Data should be stored in a structured way: Results which belong together should be stored together. Ideally, the results should be self-describing so you can reconstruct them at some point later in time without having to look at your source code.
Data must be easy to insert & retrieve: It should be easy to find a particular datum again. I.e. if you want all tests which used this combination of settings, it should be possible, and not require a lot of manual filtering.
Test runs must be repeatable. You need to store the settings used to run the test.

Sounds like a complex problem? Yes, it is, but fortunately, there is one kind of software which solves exactly the problems outlined above: Databases. My go-to database these days is MongoDB, which is a document-oriented database. Basically, you store JavaScript objects, and MongoDB allows you to run queries over the fields of these objects.

When I say JavaScript objects, I really mean JSON. MongoDB is a JSON storage engine, using a highly efficient, binary representation. The real power comes when you fully embrace JSON throughout your tools as well, in particular, if you store all settings you need to run a test as JSON and if your tools return JSON. This will allow you to store the test input and output together, making it trivial to recover after a crash. If the test settings are already present in the database, you simply skip them. In my case, I typically store a document with a ‘settings’ field and a ‘results’ field.

Data insertion and retrieval is very simple. My test runners are all written in Python, and with PyMongo, you can directly take the JSON generated by your tools and insert it into the database. Processing JSON is trivial with Python, as a JSON object is also a valid Python object (it’s just a nested list or dictionary in Python), and with PyMongo, you basically can view your database as one large Python dictionary.

A huge advantage of using an NoSQL database like MongoDB over a SQL database is that you don’t have to think about your data layout at all. With SQL, you have to put a few smarts into the table structure and you’ll need different tables for different kinds of results. While it’s not a huge problem, it still requires set-up time which you can avoid by using a document storage. Performance wise, I’d say just don’t worry. Every database these days scales to huge data sets with millions of documents and fields with ease.

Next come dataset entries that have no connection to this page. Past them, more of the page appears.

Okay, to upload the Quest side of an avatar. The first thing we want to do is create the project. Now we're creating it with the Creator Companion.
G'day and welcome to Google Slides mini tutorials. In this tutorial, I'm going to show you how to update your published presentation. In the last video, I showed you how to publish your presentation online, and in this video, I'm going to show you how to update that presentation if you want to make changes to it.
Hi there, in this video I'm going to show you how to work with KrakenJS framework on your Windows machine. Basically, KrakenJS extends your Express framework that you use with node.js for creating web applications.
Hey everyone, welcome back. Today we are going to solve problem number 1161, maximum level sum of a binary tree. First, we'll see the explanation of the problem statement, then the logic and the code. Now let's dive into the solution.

There’s only one case where using a separate database might be problematic, and that’s if you have to store gigabytes of data and very high speed and you can’t afford the interprocess communication. In this case, using an embedded database like SQLite might be necessary. If you can, you should also try to run the database on a separate machine for extra performance and robustness.

For me, the complete process looks as following:

A Python runner generates a test configuration.
The Python runner checks if the test configuration is already present in the database. If not, execution continues.
Depending on the tool, the test configuration is passed as JSON or as command-line options to the benchmark tool.
The benchmark tool writes a JSON file with the profiling results.
The Python runner grabs the result file, combines it with the configuration and stores it to the database.

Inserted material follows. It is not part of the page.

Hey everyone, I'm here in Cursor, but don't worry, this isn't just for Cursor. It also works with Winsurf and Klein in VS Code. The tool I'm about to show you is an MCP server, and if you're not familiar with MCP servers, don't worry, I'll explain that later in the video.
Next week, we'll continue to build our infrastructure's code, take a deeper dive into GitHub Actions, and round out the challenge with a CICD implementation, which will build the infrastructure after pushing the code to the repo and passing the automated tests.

This process allows me to benchmark even super-unstable tools which crash on every run. As long as you spawn a new process for each individual test configuration, no invalid results can be ever generated.

So much for data generation. Let’s take a look at the second part, analysis!

Analysis

For analysis, I’m using a great, Python-based combo: The new statistics module from Python 3.4, Matplotlib and NumPy.

The statistics module provides the basic functions like median and mean computation. For anything more fancy, you’ll want to use NumPy. NumPy allows you to efficiently process even large data sets, and provides you with every statistics function you’ll ever need.

Finally, you’ll want to have all plotting to be fully automated. Matplotlib works great for this – if you want a more graphical approach, you could also try Veusz. Matplotlib can automatically generate PDF documents which can be directly integrated into your publication.

Having everything automated at this stage is something you should really try to achieve. Chances are, you’ll fix some bug in your code close to the deadline, and at that point, you have to re-run all affected tests and re-generate the result figures. If you have everything automated, great, but if you do it manually, you’ll extremely like to make some mistake at this stage. Oh, and while automating, you should also generate result tables automatically and reference them from your publication – again, copy & paste is your worst enemy!

One note about the analysis: Installing all the packages can be a bit tricky on Windows; as there is only an unofficial 64-bit NumPy installer. You can spare yourself some trouble by moving the analysis over to Linux, where you can get everything in seconds using pip. Moving the database is a matter of seconds using mongodump and mongorestore. Even better, just let the database run on a second machine and you can analyse while your benchmark is running. If you use SQLite, you can also just copy the files over.

That’s it; I hope I could give you a good impression how I deal with results. I’m using the approach outlined above since a few years now to great effect. Now, every time it comes to measuring stuff, instead of “oh gosh, I hate Excel” you can hear me saying “hey, that’s easy” :)